Submitted by M on Thu, 12/25/2014 - 14:13

Permalink
To stop the function removing dashes you need to change the following line $string = preg_replace('/[^a-zA-Z0-9 -]/', '', $string); To this: $string = preg_replace('/[^a-zA-Z0-9 ]/', '', $string); Line 7 in the code example above.

Submitted by philipnorton42 on Fri, 12/26/2014 - 10:06

Permalink
Output of code is some,text,machines,vending ie only keywords are displayed but if I need frequency count along with keywords for eg. some 3,text 3,machines 2,vending 1. What modifications should I make ?

Submitted by Kinley Chriatian on Thu, 01/29/2015 - 18:51

Permalink
thanks for your source code, it's works well.

Submitted by oscar on Thu, 11/26/2015 - 07:52

Permalink
Hello Philip, If I want to extract common words from different language (ex. Bengali - হো সয়না সয়না সয়না ওগো সয়না এত জ্বালা সয়না ঘরেতে আমার এ মন রয়না কেন রয়না রয়না) then what changes should I make? Currently with your code it's not working, it gives no output! Please help.
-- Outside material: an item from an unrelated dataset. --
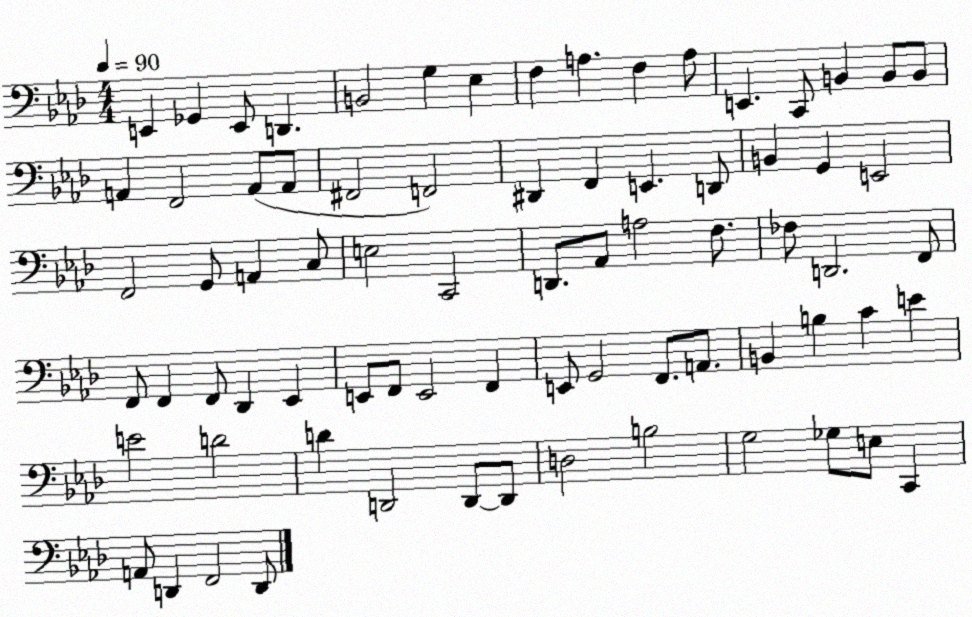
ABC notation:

Submitted by NNO on Sun, 04/24/2016 - 08:15

Permalink
Great code Philip - thanks! I just have a little problem, how can i make each keywords a link. Please help

Submitted by raphael on Thu, 04/28/2016 - 16:58

Permalink
It depends on where you want the keywords link to.

Submitted by philipnorton42 on Thu, 04/28/2016 - 17:16

Permalink
Great Code, and works! you can make me for simple life

Submitted by delatosca on Fri, 10/07/2016 - 09:20

Permalink
Thank you, the article is very useful for me and I gained knowledge by reading this article

Submitted by Dzulfikar on Fri, 02/17/2017 - 02:37

Permalink
Hi, I try to use above code with a text is 3-In-1. However, why it returns as 3In1? information is interesting and a great tutorial.. tnks

Submitted by Mugo on Thu, 03/09/2017 - 07:08

Permalink
Thank you for sharing this incredible post with us.

Submitted by AJ on Tue, 03/28/2017 - 18:44

Permalink
great code

Submitted by felipe on Wed, 10/04/2017 - 00:11

Permalink
Very useful guide

Submitted by Mind Roaster on Mon, 11/20/2017 - 10:10

Permalink
I want model no of laptop as keyword. plz help. Code is working great! "Dell Inspiron Core i3 6th Gen - (4 GB/1 TB HDD/Linux) 3467 Laptop (14 inch, Black, 1.956 kg)" doesnt extract 3467 from string. Thank you :)

Submitted by Sarthak Gophane on Wed, 01/03/2018 - 06:56

Permalink

This code helped develop a WordPress plugin that generates tag and keywords for each post.

Submitted by David Maina on Sat, 10/06/2018 - 12:16

Add new comment

The content of this field is kept private and will not be shown publicly.